◆ Task
Beginning at the line that contains "A bedroom with grey walls and a bed.", reproduce the entries below exactly, ending with the line that contains "Blauwe fluwelen bureaustoeltjes". Omit each picture.

◆ Source records

::::::::

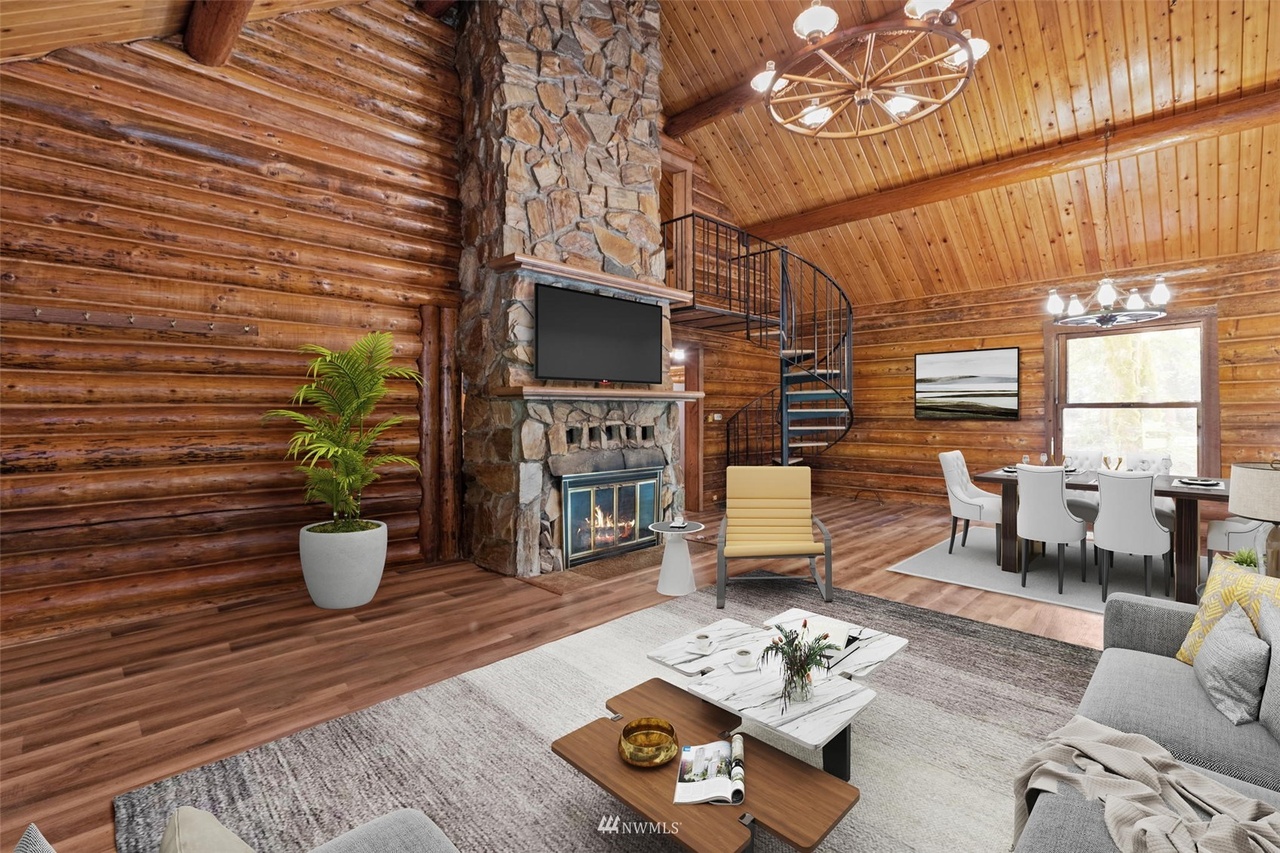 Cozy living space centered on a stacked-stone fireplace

::::::::

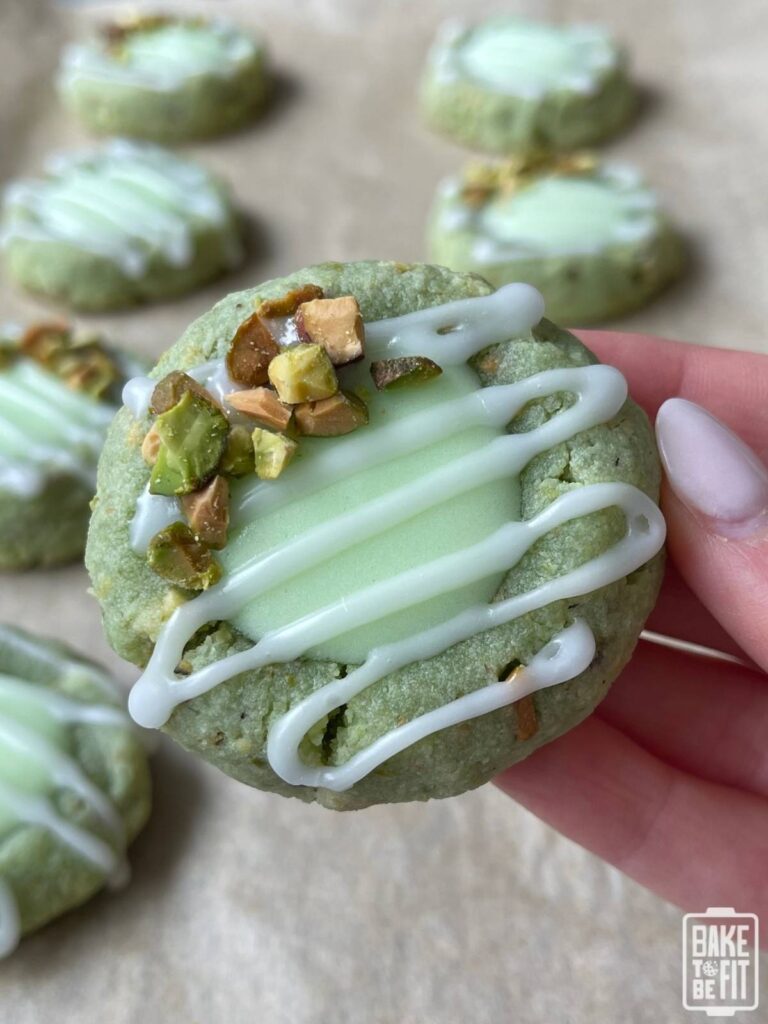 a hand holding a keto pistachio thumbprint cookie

::::::::

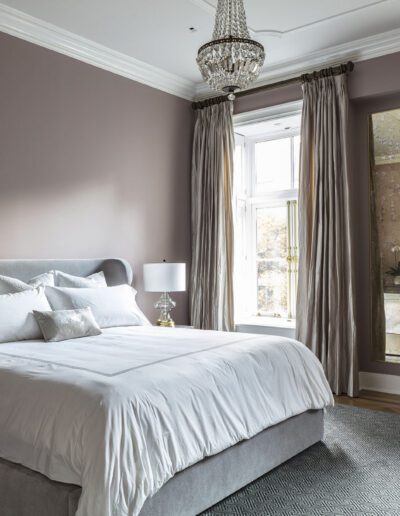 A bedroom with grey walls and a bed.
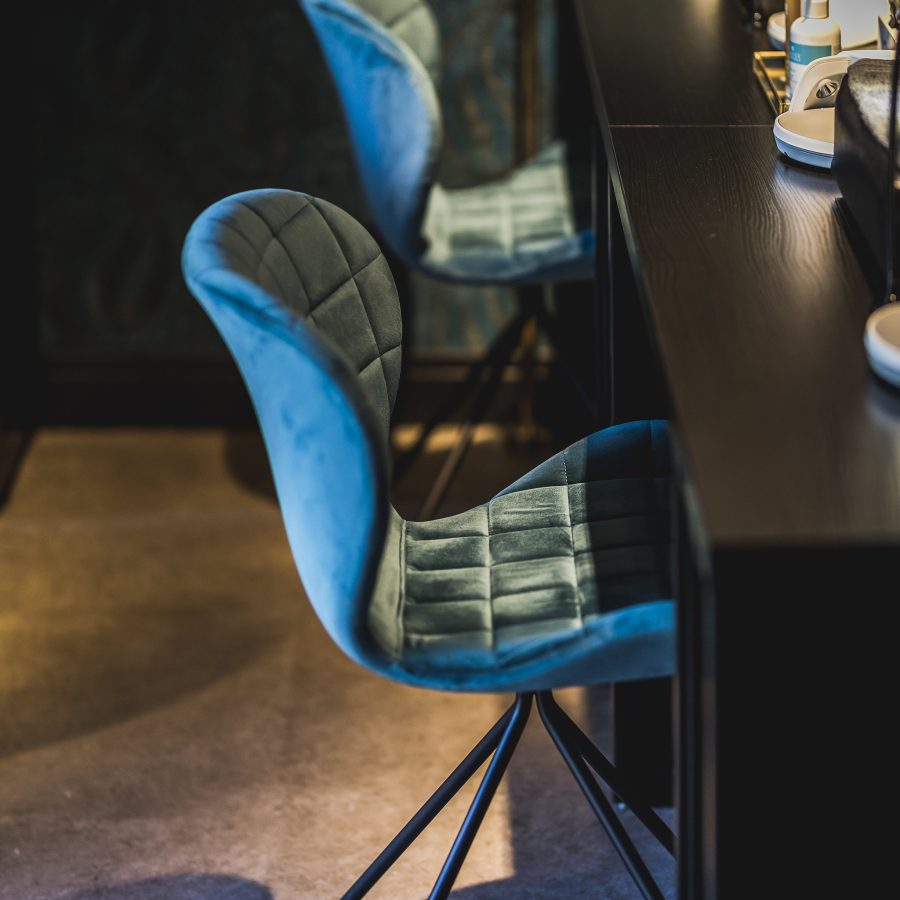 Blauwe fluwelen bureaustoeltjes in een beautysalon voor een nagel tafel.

::::::::

◆ Output
 A bedroom with grey walls and a bed.
 Blauwe fluwelen bureaustoeltjes in een beautysalon voor een nagel tafel.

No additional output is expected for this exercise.